Le preferenze delle famiglie

Una recente indagine della Fondazione De Benedetti ha mostrato che un’elevata proporzione di famiglie non usa l’asilo perchè scarsi e costosi ma anche perche li considera di bassa qualità (7). Nella maggior parte delle famiglie prevale comunque l’idea che i figli piccoli crescano meglio in ambienti familiari. Senza contare che, secondo quanto riportato dalla World Values Survey, in Italia un numero più alto di famiglie rispetto ad altri paesi europei ritiene che i bambini piccoli soffrano se stanno all’asilo e la madre lavora.

 

Meglio all’asilo o a casa?

È allora rilevante chiedersi quanto faccia bene ai bambini frequentare fin da piccoli gli asili nido. In Italia questi aspetti sono trascurati, principalmente a causa della mancanza di dati che ne permettano lo studio. In altri paesi (Regno Unito, Germania, Svezia, Stati Uniti), gli studi sul benessere psico-fisico dei bambini sono numerosi e concordano nell’individuare tra i fattori importanti la qualità degli asili, ma anche il tempo che ambedue i genitori dedicano ai bambini.
Nonostante i recenti cambiamenti le
donne italiane sono oggi quelle in Europa che dedicano più tempo al lavoro familiare, inclusa la cura dei figli, e tra le ultime per il lavoro retribuito, mentre l’opposto vale per gli uomini (link Sabbadini)

 

Quali strumenti per valutare?

I risultati delle nostre ricerche mostrano l’elasticità dell’offerta di lavoro femminile a fronte di una variazione del numero degli asili non è elevata, mentre ci sono ancora forti resistenze al suo uso. Date le limitate risorse previste dalla Finanziaria, è importante dunque valutare a priori gli effetti attraverso una sperimentazione. E’ importante inoltre implementare indagini longitudinali che permettano di seguire i bambini da 0 a 3 anni in poi per valutare gli effetti dell’asilo sul loro benessere psico-fisico e sul successo scolastico negli anni seguenti.

 

NOTE

(1) Del Boca D., Wetzels C. "Social Policies, Labor Markets and Motherhood" Cambridge University Press 2007.

(2)  Eurostat 2005.

(3)  Fondazione degli Innocenti (2005): "I servizi educativi per la prima infanzia".
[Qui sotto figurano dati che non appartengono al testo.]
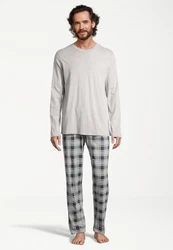 Schiesser Pyjama Night & Home Grau/Khaki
(4) Del Boca D., Locatelli M. and Vuri D. (2005) "Child care Choices of Italian Households", Review of Economics of the Household 3, 453-477.

(5) Del Boca D. Vuri D. (2006) "The Mismatch between Employment and Child Care in Italy: the impact of rationing" Journal of Population Economics 2007.

6)  Le graduatorie europee mettono l’Italia al decimo posto (su 15) per qualità: per esempio, mentre in Danimarca ci sono tre bambini per insegnante, in Italia il numero è il doppio.